Three concepts explain how this could happen in a society that’s supposed to preserve and protect freedom of speech: (1) totality of the circumstances, (2) heckler’s veto and (3) deference to school officials.
“Totality of the circumstances” means school officials can look at nearly all factors in the school in deciding whether they can reasonably forecast a substantial disruption by student expression, in accordance with Tinker v. Des Moines Independent Community School District (1969). In Dariano, U.S. District Judge James Ware considered that the principal had seen many gang-related fights in the past six years and that there was a hostile exchange between students on Cinco de Mayo in 2009, a year before the T-shirt incident.
When a totality-of-the-circumstances approach is used in constitutional law, it usually means that the government will prevail and the individual asserting a constitutional claim will lose. It happens all the time in search-and-seizure cases under the Fourth Amendment.
“Heckler’s veto” is a more controversial concept in free-speech law. It refers to the phenomenon that a hostile audience, upset at a speaker’s expression, can create an unpleasant enough situation to impose censorship — a veto of sorts. When a court examines whether speech may cause a substantial disruption, it often looks not to the speaker but to the listeners. Thus the heckler’s-veto syndrome means rowdy listeners have a perverse incentive to create a disruption to silence a speaker.
In considering whether there is a reasonable forecast of substantial disruption under Tinker, many school officials ignore whether the disruption or likely disruption was caused by the speakers or their opponents. Many courts simply apply the Tinker test broadly without considering whether they are allowing listeners’ hostile reactions to speech control and limit a speaker’s message. A more appropriate response by school officials would be to punish those who create disruptions, rather than the speaker — in this case, the wearers of American-flag shirts.
“Deference to school officials” is a reality in school-law cases.
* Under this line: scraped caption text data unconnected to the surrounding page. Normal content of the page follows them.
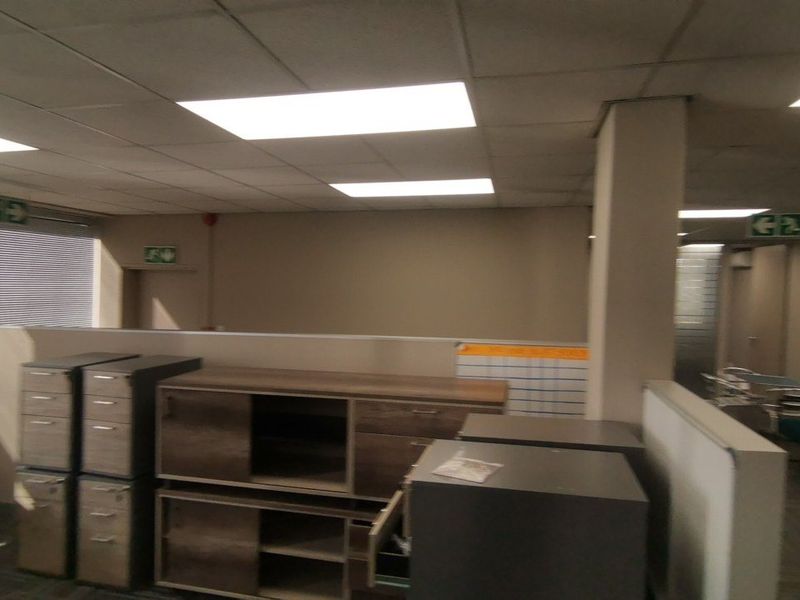 Open plan commercial office space featuring suspended ceilings, recessed lighting, and partition walls, currently requiring cosmetic updates to the flooring and ceiling finishes.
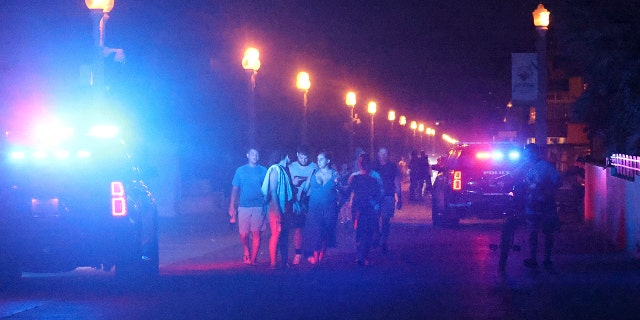 Police lights near the boardwalk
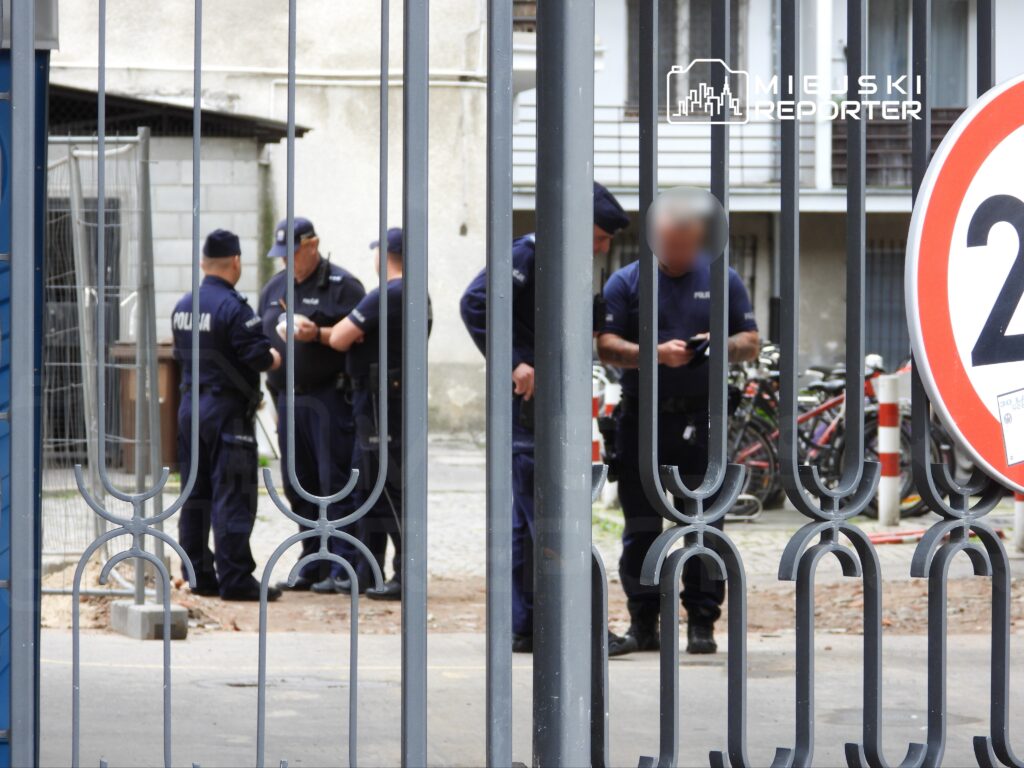 Grupa policjantów w mundurach rozmawia na podwórku, w tle stoją rowery i znak drogowy z ograniczeniem prędkości.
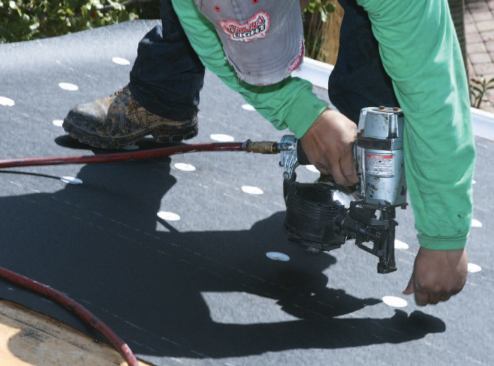 Fresh courses of 30-pound asphalt felt, attached with ring-shank nails driven through metal disks, replace the 15-pound felt the crew has just torn off.
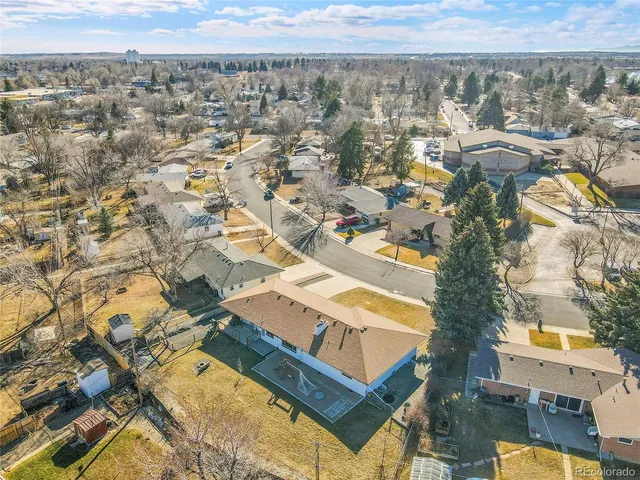 an aerial view of residential houses with outdoor space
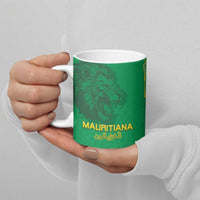 Green ceramic mug with lion head artwork and gold “MAURITlANA” text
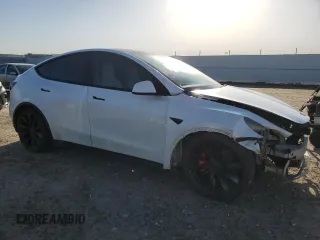 2020 Tesla Model Y Long Range with VIN 5YJYGDEFXLF034617, listed as a Copart auction lot 53235235 with 113,480 mi miles and Salvage Title. Bid and sale history available at DreamBid. Image 4.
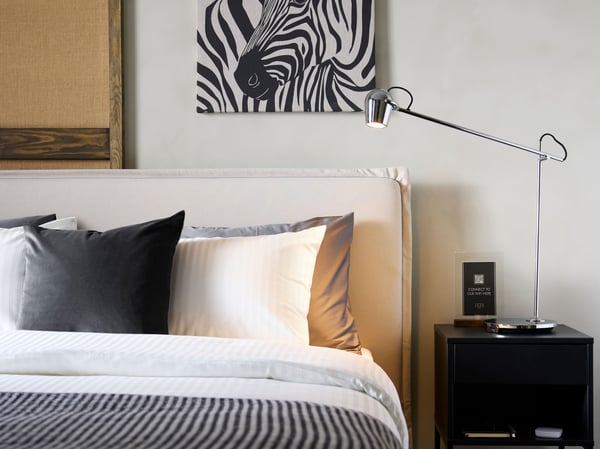 A beige TÄRNKULLEN upholstered bed frame accents a freshly made hotel bed on a wall below a zebra artwork, by a nightstand.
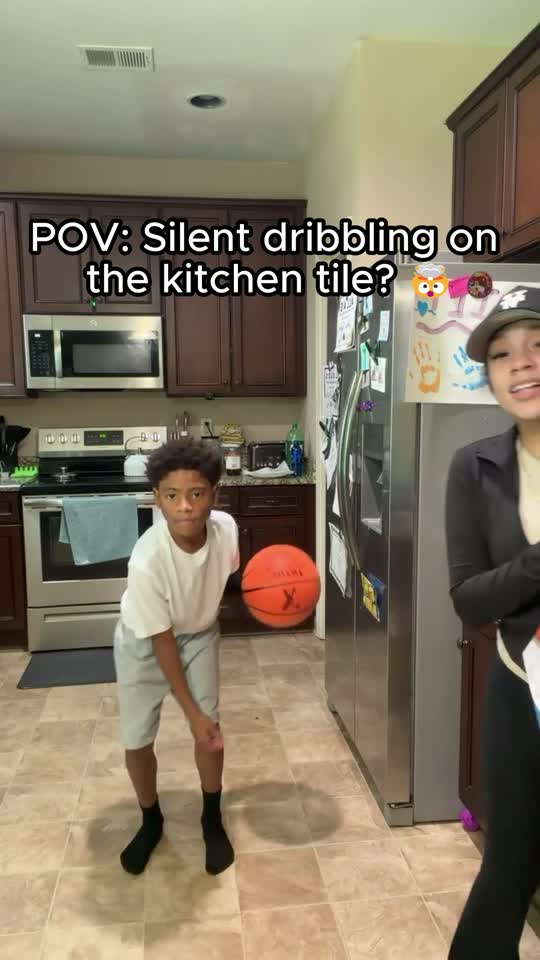 Video review - kid dribbling the YGA Silent Basketball in the kitchen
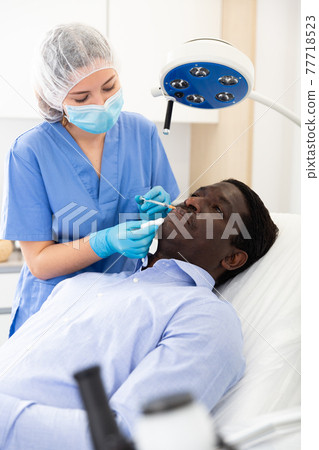 Female beautician injecting facial filler to male client in clinic Female beautician injecting facial filler to male client in clinic 77718523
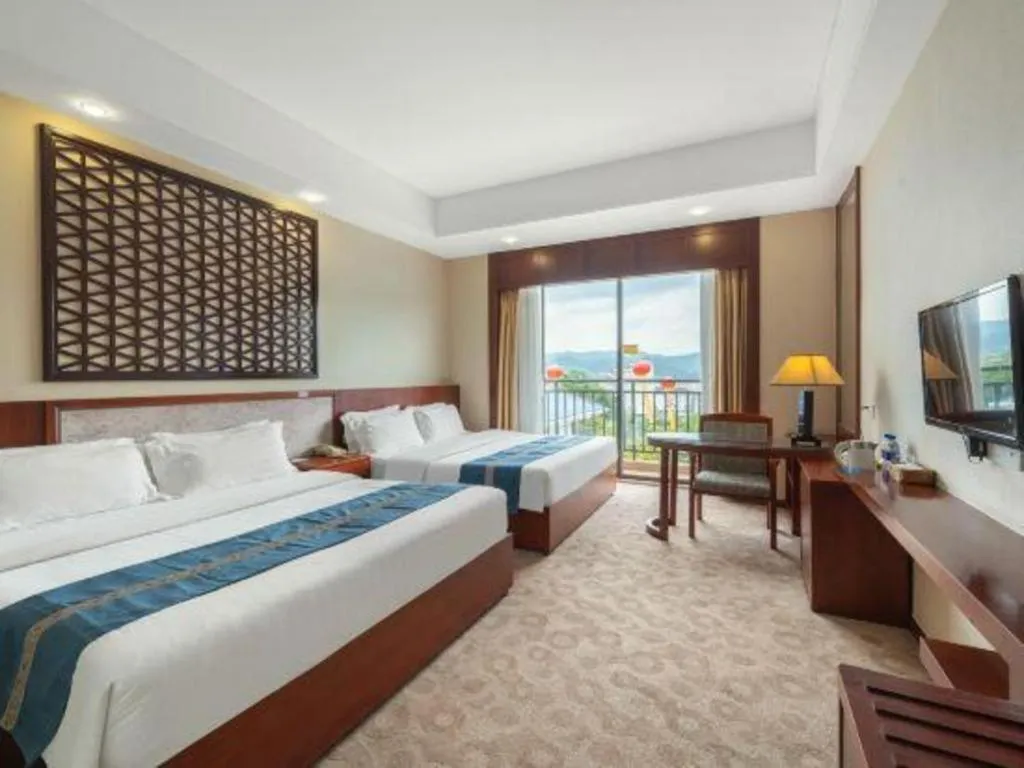 Bed in Longyan Capital International Hot Spring Resort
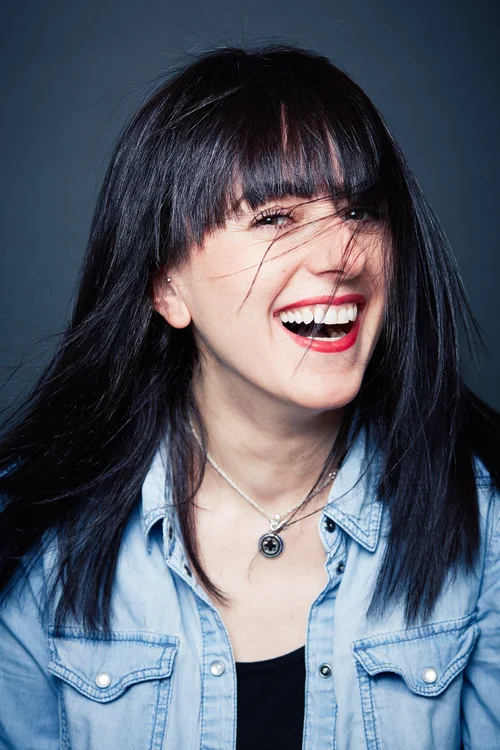A woman with long black hair and bangs, wearing a denim shirt and layered necklaces, laughing with her mouth open and eyes partially closed.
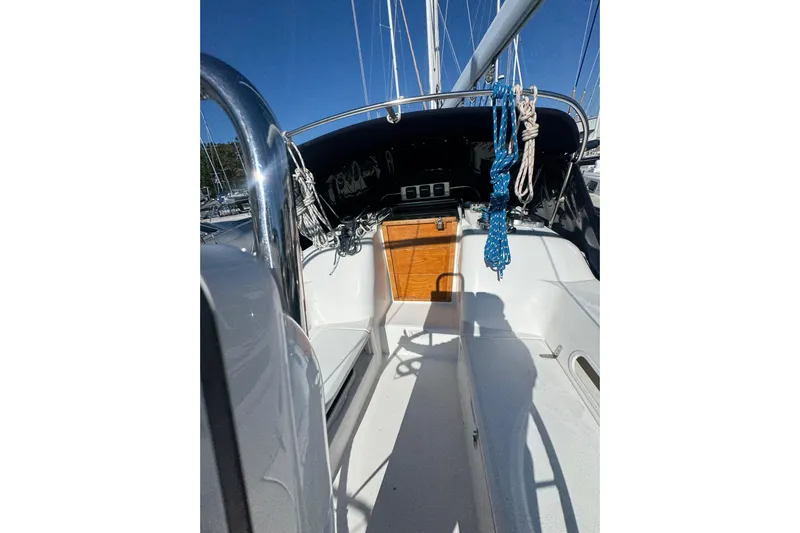 Lady Slipper Yacht Photos Pics 2005 Sabre 386 sailboat cockpit with ropes and wooden hatch under clear blue sky.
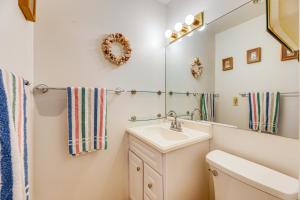 a bathroom with a sink and a mirror at 200 Feet to Beach Inviting Condo in Ocean City! in Ocean City +16 photos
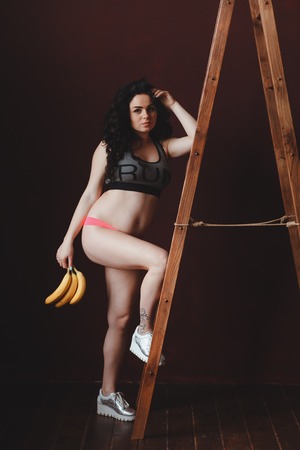 pregnant young woman fit looking, holding bananas at the ladder in loft studio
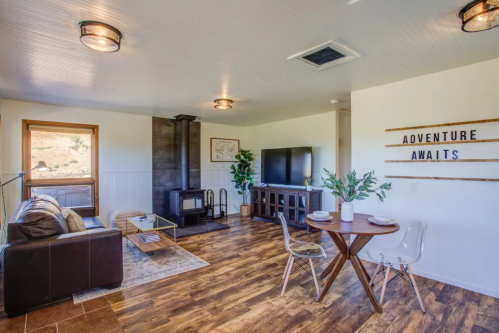 Cozy living area with a sofa, TV, dining table, and a wood stove, featuring a sign that says "Adventure Awaits."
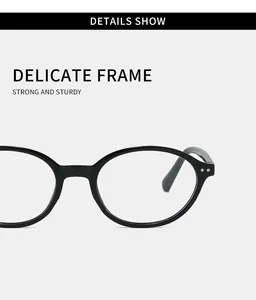 Detailed view of vintage black oval frame glasses with delicate sturdy design.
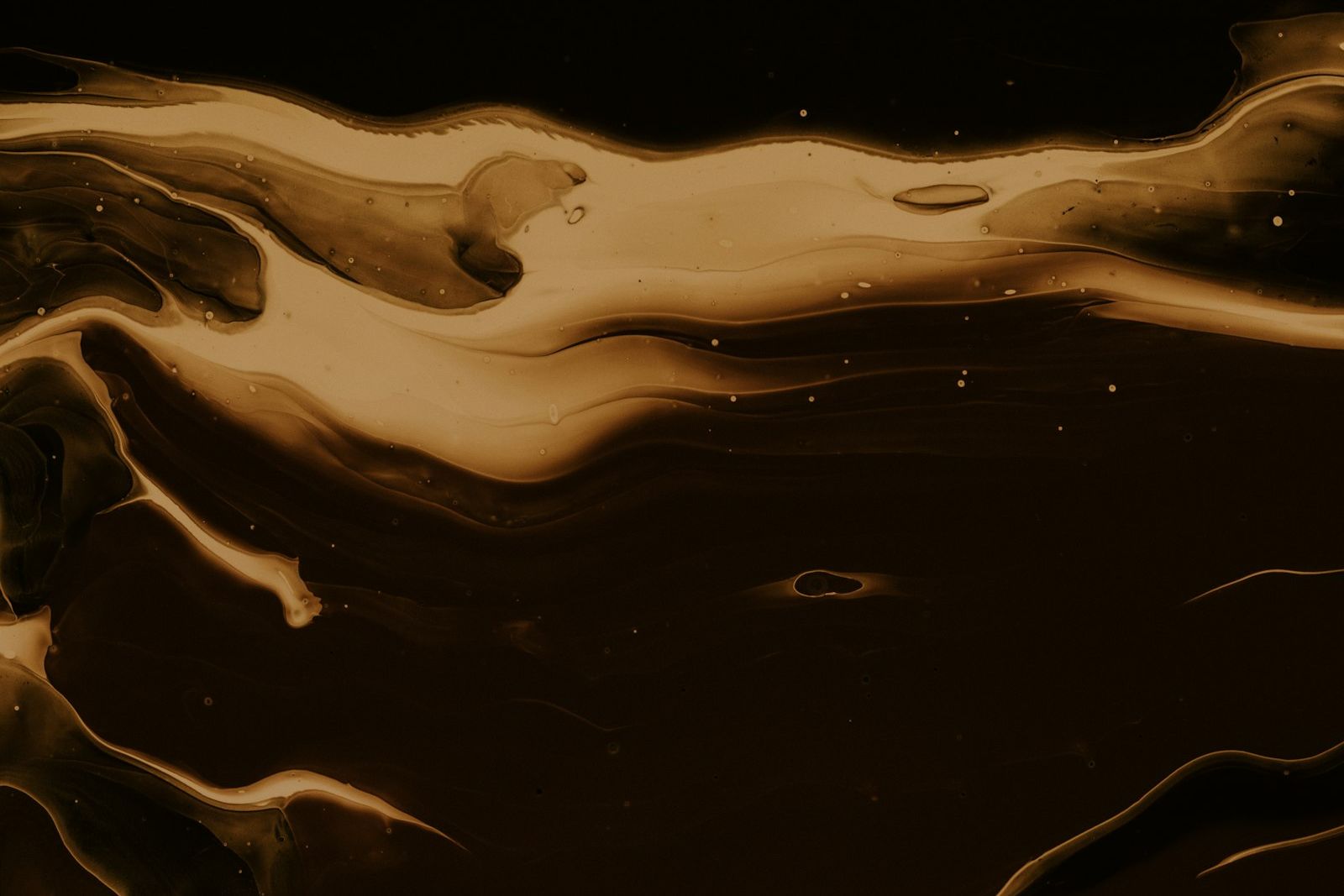 Golden oil swirling across a dark surface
Judge Ware wrote that decisions in other circuits “have demonstrated broad deference to the decisions of school administrators with regard to student safety.” School officials have a difficult job in maintaining a safe learning environment and protecting constitutional rights. They deserve some deference – but not unyielding, all-encompassing deference.
In 1943, Justice Robert Jackson wrote in West Virginia Board of Education v. Barnette: “That they are educating the young for citizenship is reason for scrupulous protection of Constitutional freedoms of the individual, if we are not to strangle the free mind at its source and teach youth to discount important principles of our government as mere platitudes.”
When courts sanction a broad “totality of the circumstances” approach, endorse the heckler’s veto and show overwhelming deference to school officials, the net result will be censorship.